For many people bread is part of their daily diet. Some now wonder whether bread is really so unhealthy and whether there are healthy types of bread that are easier to digest. In this article you will learn all about the harmful components in grain and how best to avoid them.

Some people now suffer from various intolerances to the ingredients of grain. In most cases this is a gluten intolerance. But even people without a recognized intolerance have digestive problems after eating bread. These are the four main reasons for this:

1. Gluten

Gluten is usually contained in every classic grain. The largest share is found in wheat with one to fifty percent. This proportion is higher than ever before, as the grain has been raised for easy processing. Especially compared to other cereals, some of which have a gluten content of only one to two percent, the proportion in wheat is enormous.

As a rule, most people consume grain in each meal throughout the day. Whether at breakfast, lunch or dinner. Even snacks between meals are often cereal. The body reacts to this gluten overload with an inflamed intestinal wall. It is capable of processing gluten, but only in moderation. The inflamed intestinal wall can cause antibody reactions against gluten. These antibodies float around the body and randomly match certain other parts of the body such as proteins in the thyroid gland or receptors in the synovial membrane. This can lead to autoimmune diseases in the worst case.

If you suffer from physical symptoms or just want to live healthier, you should avoid wheat and use healthier grains. This includes spelt, for example. A six to eight-week abstention from cereal-containing foods can help the body to regenerate. Cereal varieties can then be individually tested for their compatibility.

2. ATI (Amylase-Trypsin-Inhibitors)

ATI designates protective substances that help the grain not to be eaten by feeding pests. These protective substances prevent the digestion of starch and ensure that an insect cannot eat the grain. In your body, however, these substances also prevent the digestion of carbohydrates. The result: undigested starch ends up further back in the intestine, where it nourishes structures and microorganisms that should not be nourished at all. This in turn leads to intestinal problems such as bad colonization, flatulence and some other symptoms.

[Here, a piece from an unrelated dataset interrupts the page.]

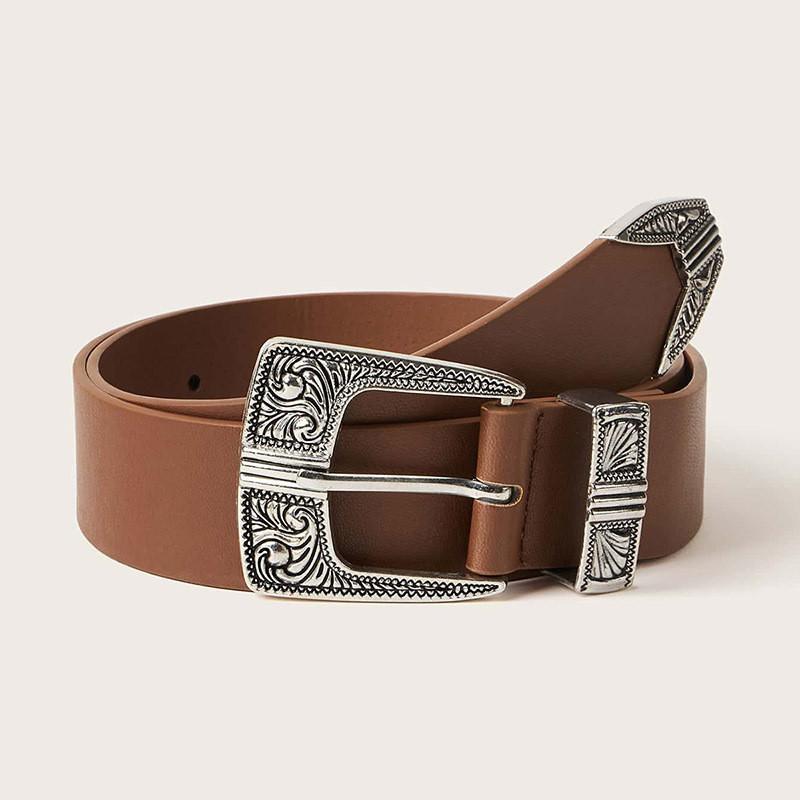 Bohemian Retro Womens Wide Leather Belt With Round Metal Closure For Festival Artwear And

The ATI content in many cereals has also risen enormously due to high breeding. Especially you should avoid wheat. Low-ATI grains include spelt and rye. Sprouted grain is particularly well tolerated, as the protective substances disappear during germination. Via the germination process it is even possible to obtain a completely ATI-free grain. It is similar with sourdough, which you let ferment sourly.

3. FODMAPS (fermentable oligo-, di- and monosaccharides and polyols)

FODMAPS are carbohydrates and sugar compounds that are difficult for the small intestine to absorb. When there is an overabundance in the body, wrong structures in the intestines are nourished and cause symptoms such as stomach ache, flatulence and some more. To reduce FODMAPS, fermentation, i.e. acid fermentation or germination, is particularly suitable. The proportion of FODMAP is highest in rye and also very high in wheat.

Since grain is basically something valuable, you should use low FODMAP grains. Spelt is particularly suitable for this purpose, but also emmer. The best and healthiest bread is of course if you bake it yourself. If possible use a mixture of germinated spelt and spelt flour in organic quality and let it ferment sourly. You can find some recipes on the Internet.

4, wholemeal bread versus white flour bread

In principle, whole grain is healthier, but only if it could germinate before processing. All minerals of the grain are found in the grain husk and only migrate to the inside of the grain through the germination process. Then the grain is digestible. Otherwise, substances that are difficult to digest end up in the intestines and cause problems there.

As you can see, there are good alternatives and ways to enjoy bread. Become aware that unhealthy grains such as wheat put a strain on the intestines and can have an enormous impact on your well-being. Nevertheless, bread can be quite healthy and nutritious as long as the grain is consciously selected and processed.